One of the most crucial elements of Kings of War 3rd edition is being able to get your units in position to successfully charge. In this article, we'll explore as many charge examples as possible. Note, more examples may be added as we find them!
- Basic Charge
- Blocking Terrain and Charges
- Basic Multi Charge
- Stacked Multi Charge
- Multi Arc Multi Charge
- Smaller Base Multi Charge
- Basic Nimble Charge
- Withdraw and Charge
- Withdraw and Flank Surge Charge
- Multi Counter Charge
- Basic Hindered Charge
- Yielding Charge
- Charge an Individual
- Advanced Charge Concepts
The four charge conditions are the most important thing to assess when looking to perform a charge:
- The Target Unit is within the Charging Unit's front arc.
- The Charging Unit can draw Line of Sight from its Leader Point to any part of the Target Units base.
- The distance between any point on the Charging Unit's FRONT FACING and the closest point on the Target Unit's base is less than or equal to the Charging Unit's Speed Stat X 2 (+ any Wild Charge).

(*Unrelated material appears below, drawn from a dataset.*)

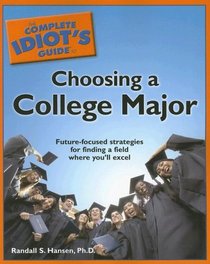 The Complete Idiot's Guide to Choosing a College Major (Complete Idiot's Guides (Lifestyle Paperback))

- There is enough room to physically place the Charging Unit into contact with the Target Unit using the Charge Movement rules.
The Charge Movement Rules are:
- Move the Charging Unit into base contact with the Target Unit using the shortest route possible, pivoting up to 90 degrees (or 90 degrees twice with Nimble) using the smallest angles possible (0 if possible), ignoring (going straight over) Difficult and Obstacle terrain features, but going around blocking terrain and other units (including friendly units). The actual distance moved does not matter.
- Align (pivot) the Charging Unit to the Target Unit's charged arc (Or vice versa if the Target Unit is an individual not currently engaged in combat) ensuring that once aligned the initial point of contact is still being contacted by the Charging Unit. Note, this doesn't mean "Pivot at the point of initial contact" so the Align stage can include a sideways move, as long as when finished aligning, the initial point of contact is still being touched.
- Slide the Charging Unit sideways to maximise the area of contact of the Charging Unit with the Target Unit, ignoring (going straight over) Difficult and Obstacle terrain features.
- The Charging Unit and Target Unit are now engaged in combat.
The most basic of charges is an un-hindered, open ground charge. In the below example, we can see the Charging Unit:
- Has the Target Unit in its front arc.
- Can draw line of sight to the Target Unit.
- Is within Charge range measured from anywhere on its front arc to the Target Unit.
- There is enough room to physically fit the Charging Unit.
Note here, the initial pivot is simply enough to get the correct angle to make initial contact in the Target Units front arc, since there is no blocking terrain or other units in the way. Hitting the corner is counted as hitting the arc the Charging Unit's leader point started within.
Note: Corner to Corner charges are not allowed, so ensure the pivot is enough to avoid this.
Charge Around Blocking Terrain / Units
In the example below the brown box represents blocking terrain, or another unit on the battlefield. It's important to be able to spot the angles where you can get the Charging Unit around the corner of such terrain by using the included Charge Move pivot(s).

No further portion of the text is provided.